> _Work instruction_
Below are entries with pictures in them. Output exactly the lines starting at the line with "Dağıtıcı pompa plastik şişe." and ending at the line with "1CT BEAD SET", both included, but not the pictures.

> _Data_
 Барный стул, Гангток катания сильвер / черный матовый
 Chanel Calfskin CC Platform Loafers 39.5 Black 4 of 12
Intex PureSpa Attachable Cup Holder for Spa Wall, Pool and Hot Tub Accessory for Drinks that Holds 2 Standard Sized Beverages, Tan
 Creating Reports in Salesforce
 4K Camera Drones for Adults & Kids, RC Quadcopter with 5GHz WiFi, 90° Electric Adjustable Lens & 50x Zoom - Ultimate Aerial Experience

--

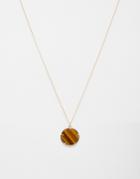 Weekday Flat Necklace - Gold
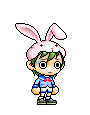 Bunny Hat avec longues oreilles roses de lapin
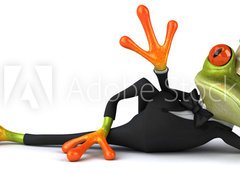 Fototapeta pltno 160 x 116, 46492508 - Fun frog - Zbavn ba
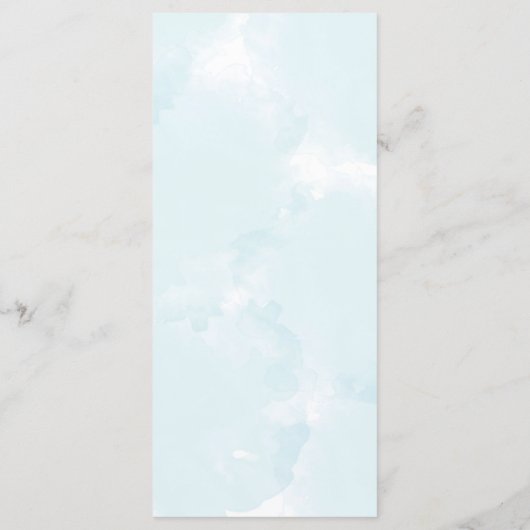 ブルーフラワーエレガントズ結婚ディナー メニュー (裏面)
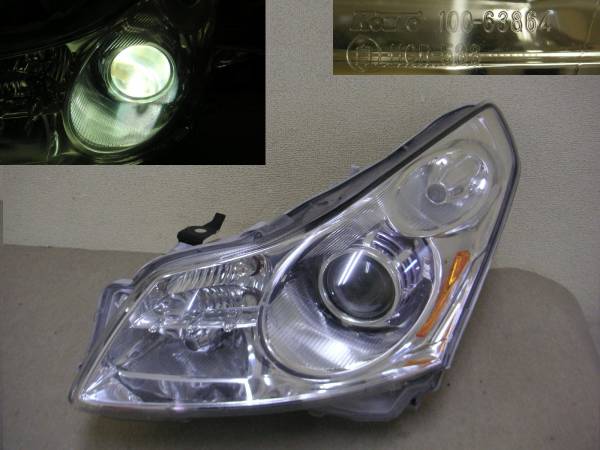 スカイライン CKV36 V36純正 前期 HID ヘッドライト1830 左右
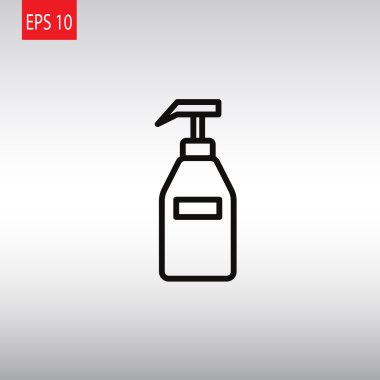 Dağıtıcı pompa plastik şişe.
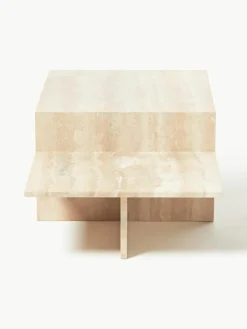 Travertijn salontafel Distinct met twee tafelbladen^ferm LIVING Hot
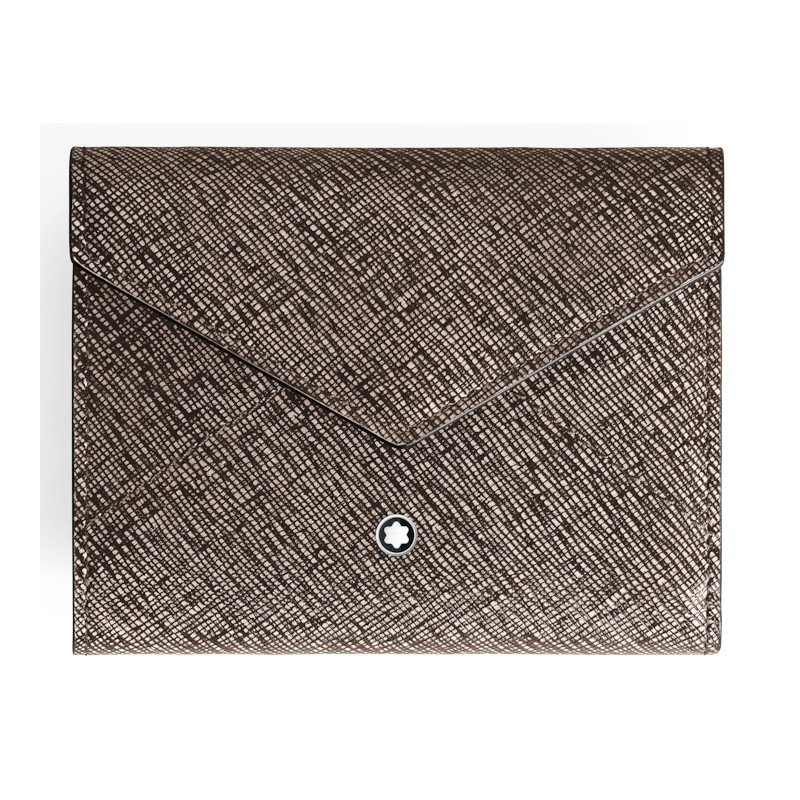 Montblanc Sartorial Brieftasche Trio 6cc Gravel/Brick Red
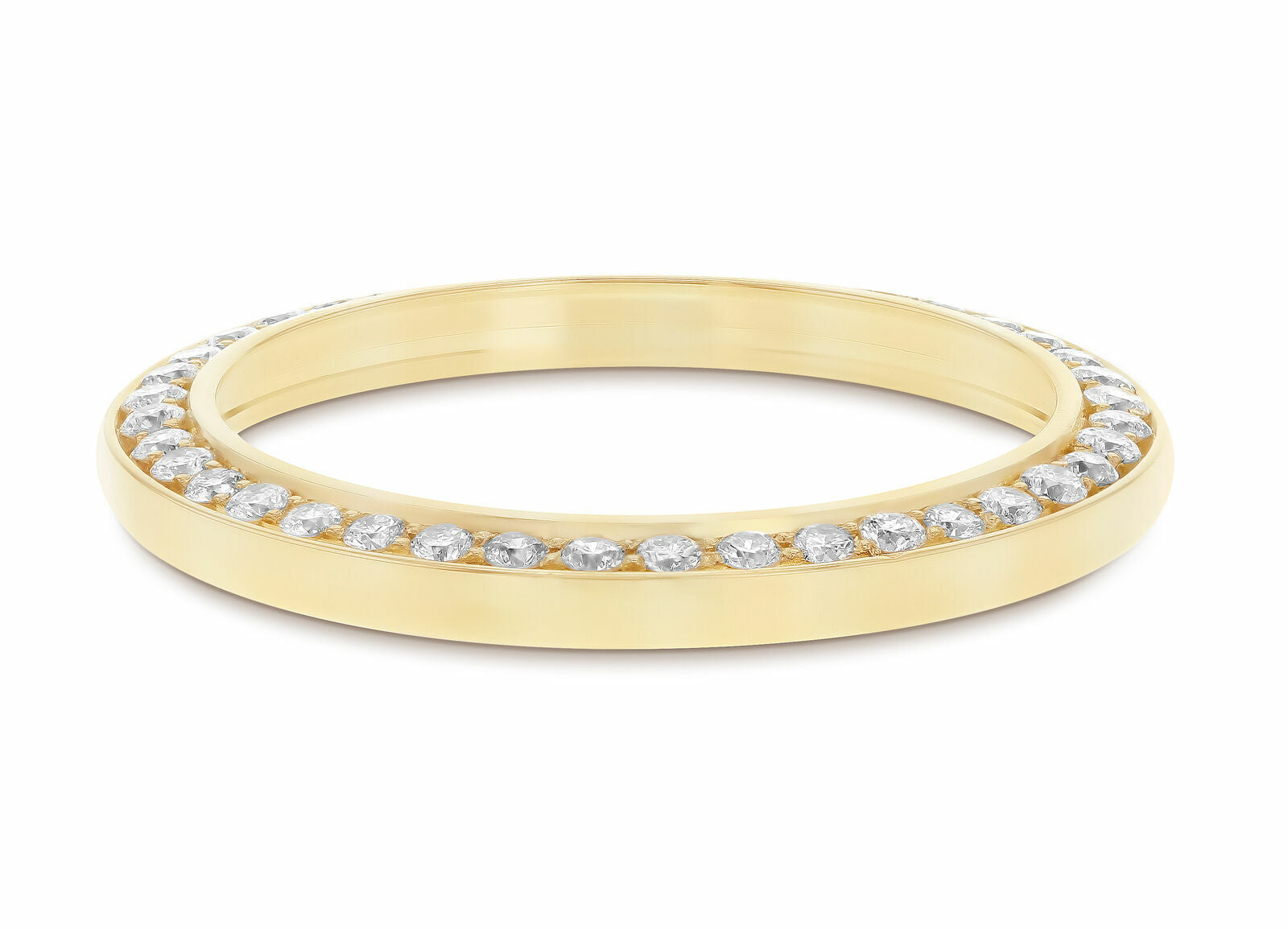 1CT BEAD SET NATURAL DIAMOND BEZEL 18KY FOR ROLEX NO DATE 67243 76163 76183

> _Your solution_
 Dağıtıcı pompa plastik şişe.
 Travertijn salontafel Distinct met twee tafelbladen^ferm LIVING Hot
 Montblanc Sartorial Brieftasche Trio 6cc Gravel/Brick Red
 1CT BEAD SET NATURAL DIAMOND BEZEL 18KY FOR ROLEX NO DATE 67243 76163 76183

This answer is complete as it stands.